NASA launches on 2000-01-01 the "FOO" instrument.  It captures 1
granule per month of data.  It flies for 1 year, capturing 12
granules.  (I originally had it die here, but for grins, lets say that
today is 2001-01-01, so a month from now, we'll get another granule --
This is an "Open Data Set".)

The processing flow has these ESDTs:

FOOL0 - 1 Month of Level 0 data
FOOCAL - Calibration data produced by the CAL team used to calibrate the 
data
FOOL1B - 1 Month of Level 1 calibrated data
FOOL2 - 1 Month of Level 2 data with some geophysical parameters retrieved.
FOOL3 - 1 year of gridded data.

We have 3 PGEs: FOOL1BP, FOOL2P, FOOL3P.

Our LOCALGRANULEIDs look like this:

<ESDT>.<granulenumber>  for Level 0
<ESDT>.v<collection>    for calibration
and
<ESDT>.v<collection>.<granule number> for the others

We start from these files:

FOOL0.1
FOOL0.2
...
FOOL0.12

FOOCAL.1   (we've only calibrated once)

We run FOOL1BP 12 times, inputting each of the L0 granules + the CAL
and produce these files:

FOOL1B.v1.1
FOOL1B.v1.2
...
FOOL1B.v1.12

Then we run FOOL2P 12 times on each of those, producing these:

FOOL2.v1.1
FOOL2.v1.2
...
FOOL2.v1.12

Finally, we run FOOL3P once, reading each those and producing a single
file:

FOOL3.v1.1

Now the cal guys do their magic and come up with a better FOOCAL.2, so
we do a reprocessing into collection 2, producing 25 more files:

FOOL1B.v2.1
FOOL1B.v2.2
...
FOOL1B.v2.12

FOOL2.v2.1
FOOL2.v2.2
...
FOOL2.v2.12

FOOL3.v2.1

======================================================================

Ok, all of those files go into the archive.
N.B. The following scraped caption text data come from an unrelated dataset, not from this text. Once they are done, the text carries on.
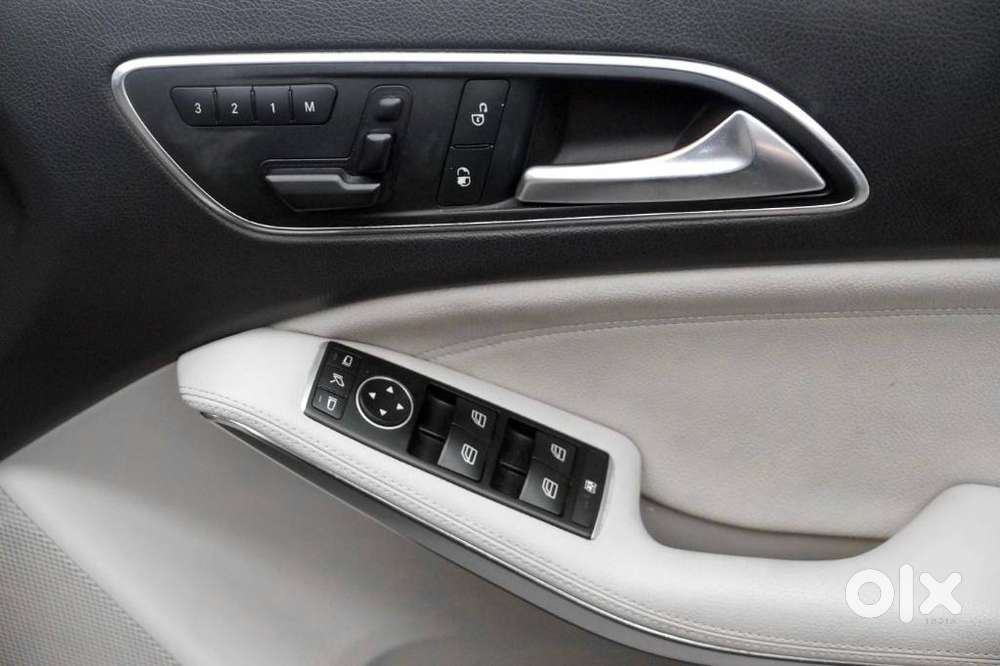 Mercedes-benz Gla 200, 2015, Petrol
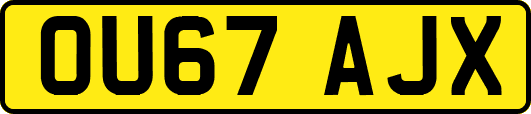 OU67AJX
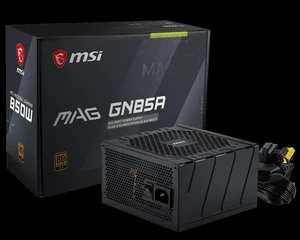 MAG GN85A Power Supply MAG GN85A Power Supply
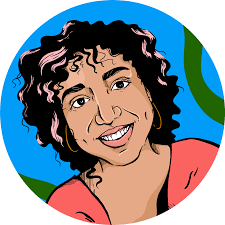 EJ Disrupt Design Leadership and Staff — Tishman Environment and Design  Center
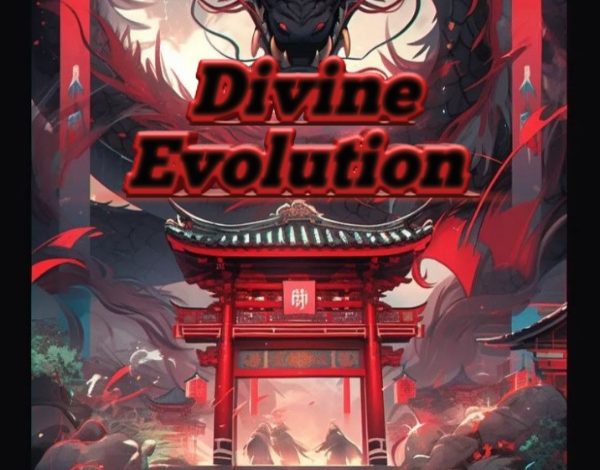 Divine Evolution: What Kind of Wish is This Novel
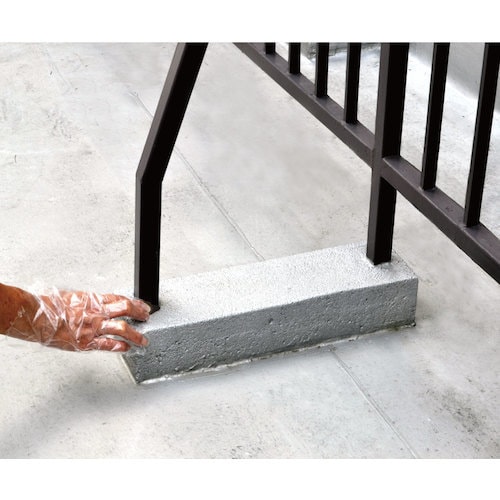 LOCTITE 多用途補修パテ 銀黒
Now we are looking for some good identifiers.

We're proposing DOI to be used to identify "ESDT+Collection", so lets
assign some:

doi:10.9999/US/FOOL0     => FOOL0
doi:10.9999/US/FOOL1B.v1 => FOOL1B, collection 1
doi:10.9999/US/FOOL1B.v2 => FOOL1B, collection 2
doi:10.9999/US/FOOL2.v1  => FOOL2,  collection 1
doi:10.9999/US/FOOL2.v2  => FOOL2,  collection 2
doi:10.9999/US/FOOL3.v1  => FOOL3,  collection 1
doi:10.9999/US/FOOL3.v2  => FOOL3,  collection 2

Since these are "Open Data Sets", those identifiers aren't sufficient
to determine the precise set of granules used (right now, they map to
12 granules, but next month they will map to 13 granules).

What they are useful for is referring to the general set of granules,
and locating them and even (which not perfect), citing them.

For example, you can put "http://dx.doi.org/10.9999/US/FOOL2.v1" into
your browser and it will take you right to the web page at the archive
with collection level metadata about that ESDT and information on how
to download the data, etc.

If you write a paper using the L2 data, you can add
"doi:10.9999/US/FOOL2.v2" into your data citation and someone else can
follow it later back to that data.

We still have to solve several other problems, but that is a start...

I'll use this example to talk about some of the other use cases later.

Curt